### What you will do:
Type out the lines below exactly, from the first through the line holding "Tide chart for", and include no pictures.

### Provided data:
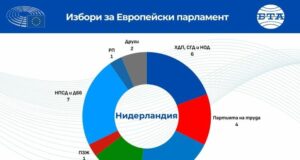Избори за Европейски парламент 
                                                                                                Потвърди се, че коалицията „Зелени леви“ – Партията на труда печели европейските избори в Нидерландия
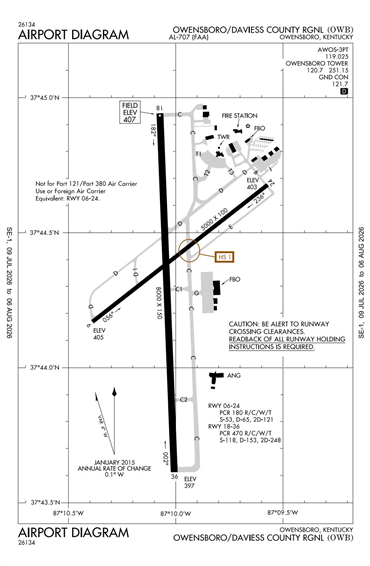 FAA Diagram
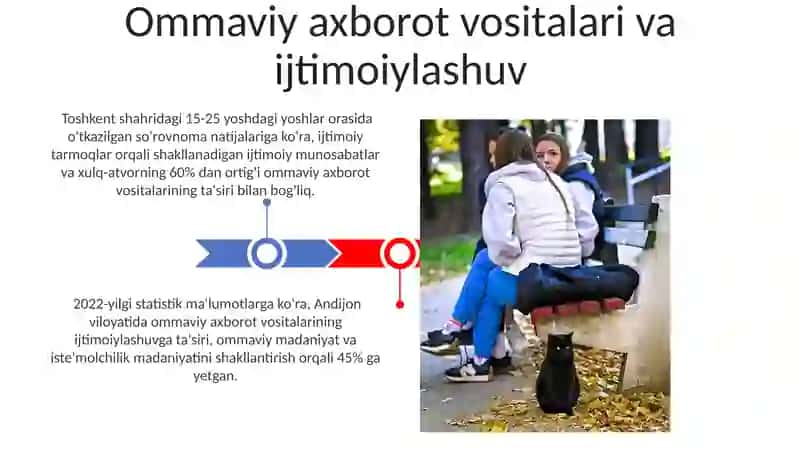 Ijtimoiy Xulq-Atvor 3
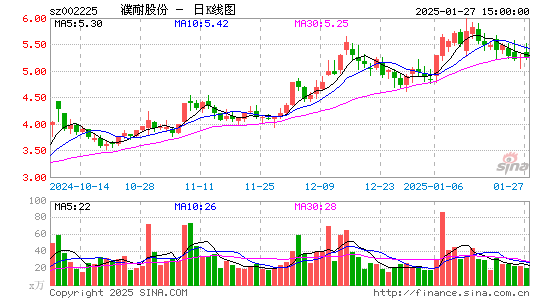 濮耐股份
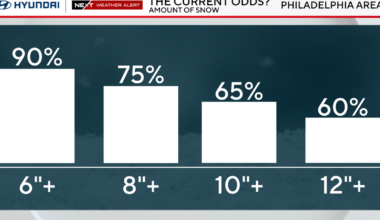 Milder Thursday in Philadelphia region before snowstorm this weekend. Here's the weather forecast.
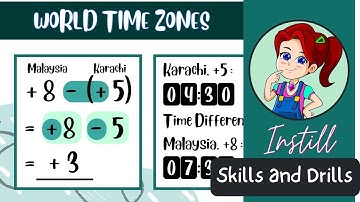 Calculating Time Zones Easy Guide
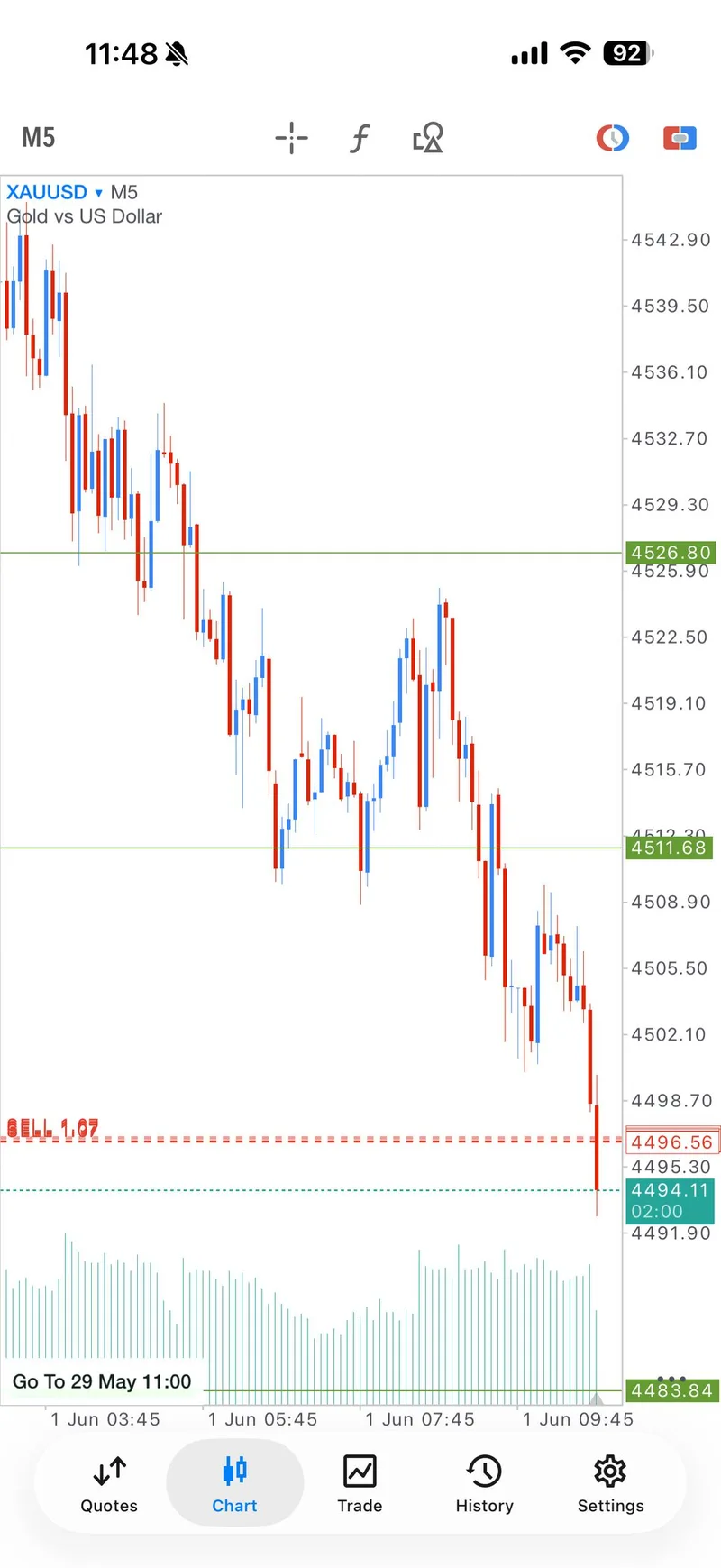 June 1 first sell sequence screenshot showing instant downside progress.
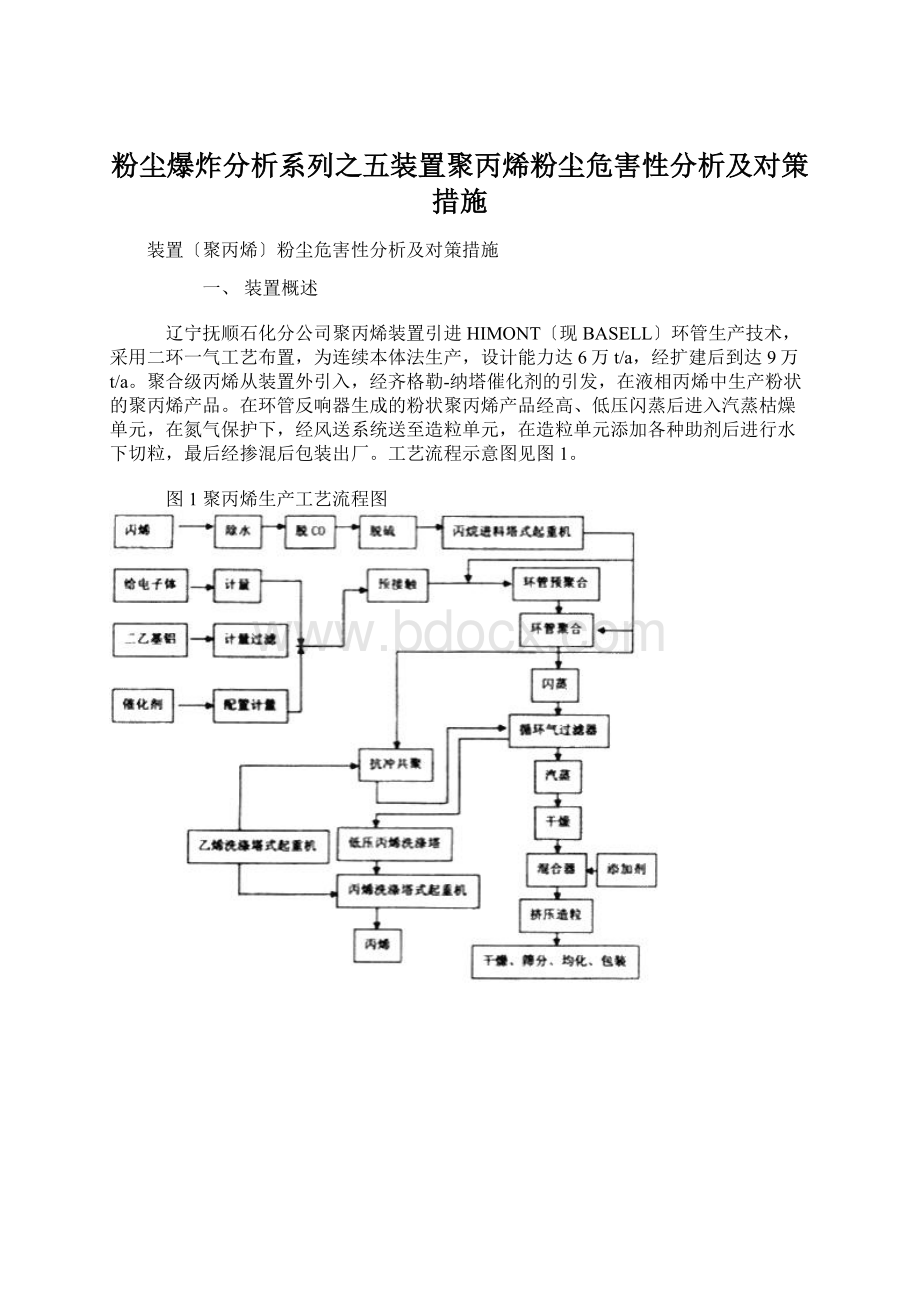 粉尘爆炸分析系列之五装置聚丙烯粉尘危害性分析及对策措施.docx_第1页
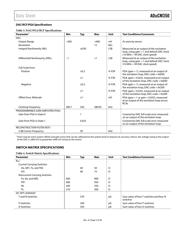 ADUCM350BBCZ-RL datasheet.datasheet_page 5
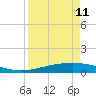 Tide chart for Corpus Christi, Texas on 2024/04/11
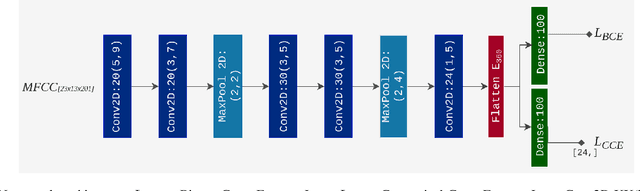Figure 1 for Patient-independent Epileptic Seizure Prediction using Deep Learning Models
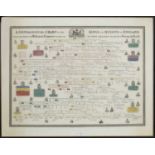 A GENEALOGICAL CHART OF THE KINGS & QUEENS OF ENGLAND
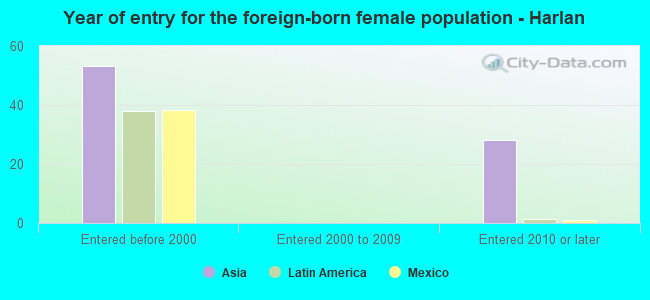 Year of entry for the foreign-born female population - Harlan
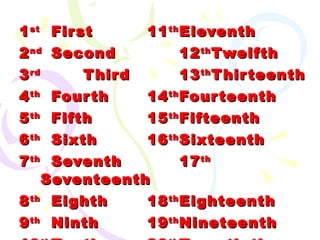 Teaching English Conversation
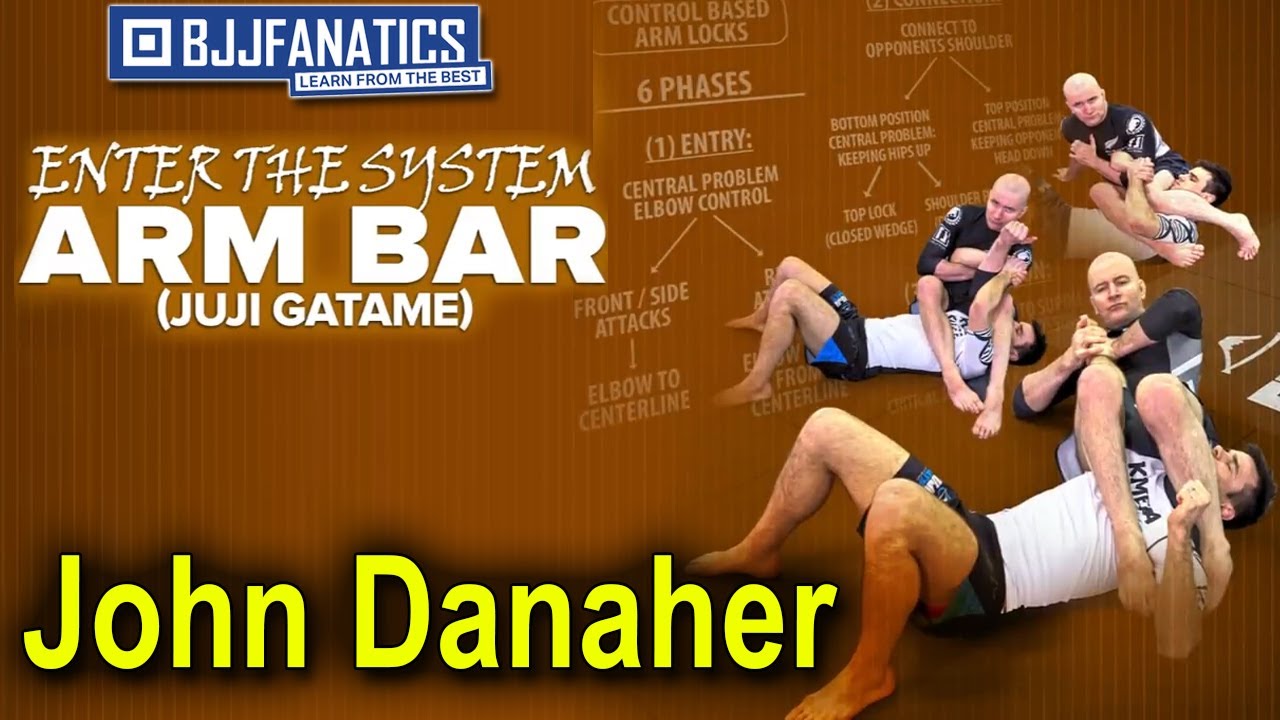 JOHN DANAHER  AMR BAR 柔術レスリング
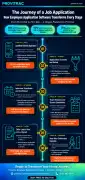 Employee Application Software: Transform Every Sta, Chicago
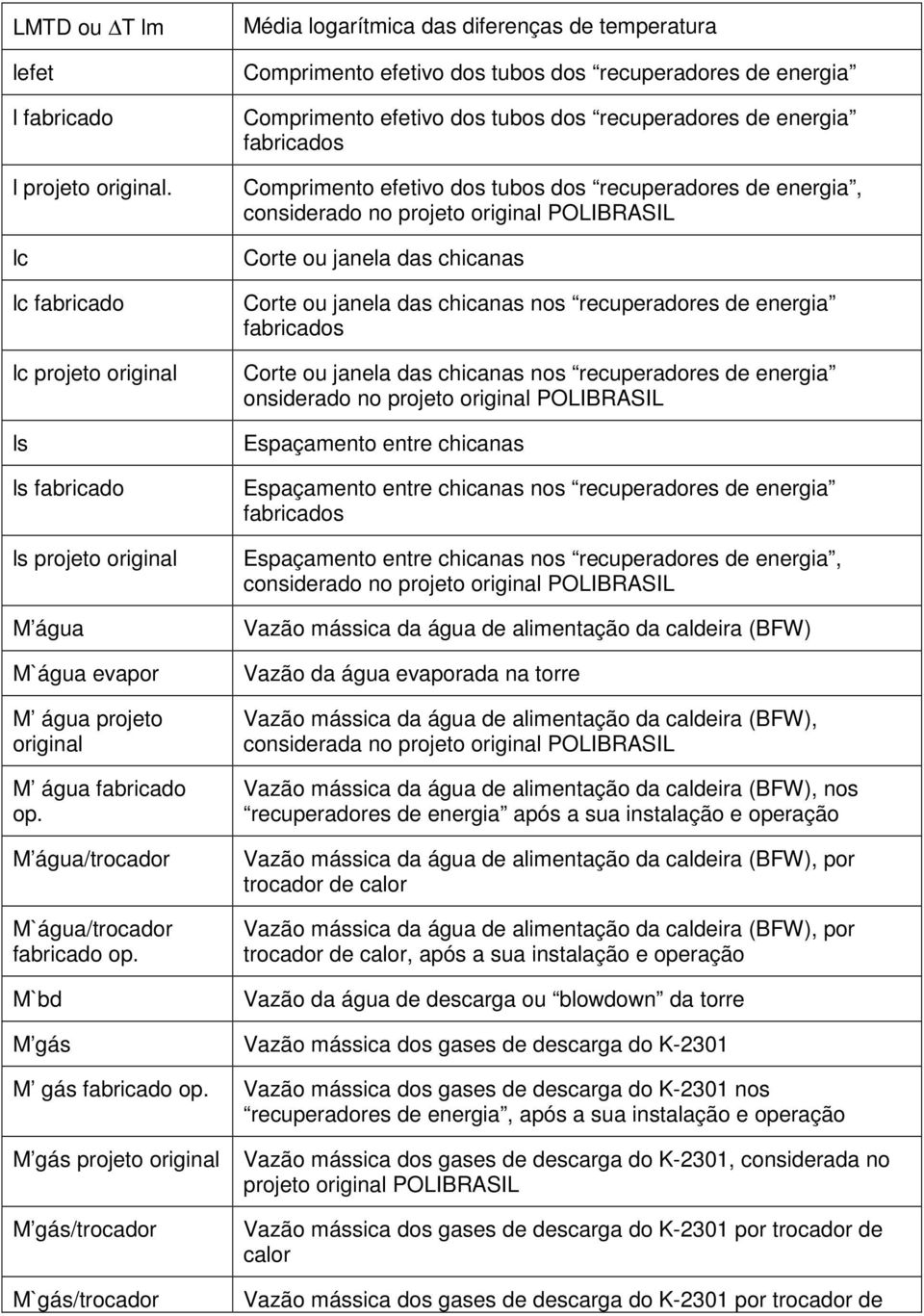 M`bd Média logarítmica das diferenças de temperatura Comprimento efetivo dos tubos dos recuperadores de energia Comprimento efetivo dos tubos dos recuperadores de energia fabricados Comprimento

### Expected answer:
Избори за Европейски парламент 
                                                                                                Потвърди се, че коалицията „Зелени леви“ – Партията на труда печели европейските избори в Нидерландия
 FAA Diagram
 Ijtimoiy Xulq-Atvor 3
 濮耐股份
 Milder Thursday in Philadelphia region before snowstorm this weekend. Here's the weather forecast.
 Calculating Time Zones Easy Guide
 June 1 first sell sequence screenshot showing instant downside progress.
 粉尘爆炸分析系列之五装置聚丙烯粉尘危害性分析及对策措施.docx_第1页
 ADUCM350BBCZ-RL datasheet.datasheet_page 5
 Tide chart for Corpus Christi, Texas on 2024/04/11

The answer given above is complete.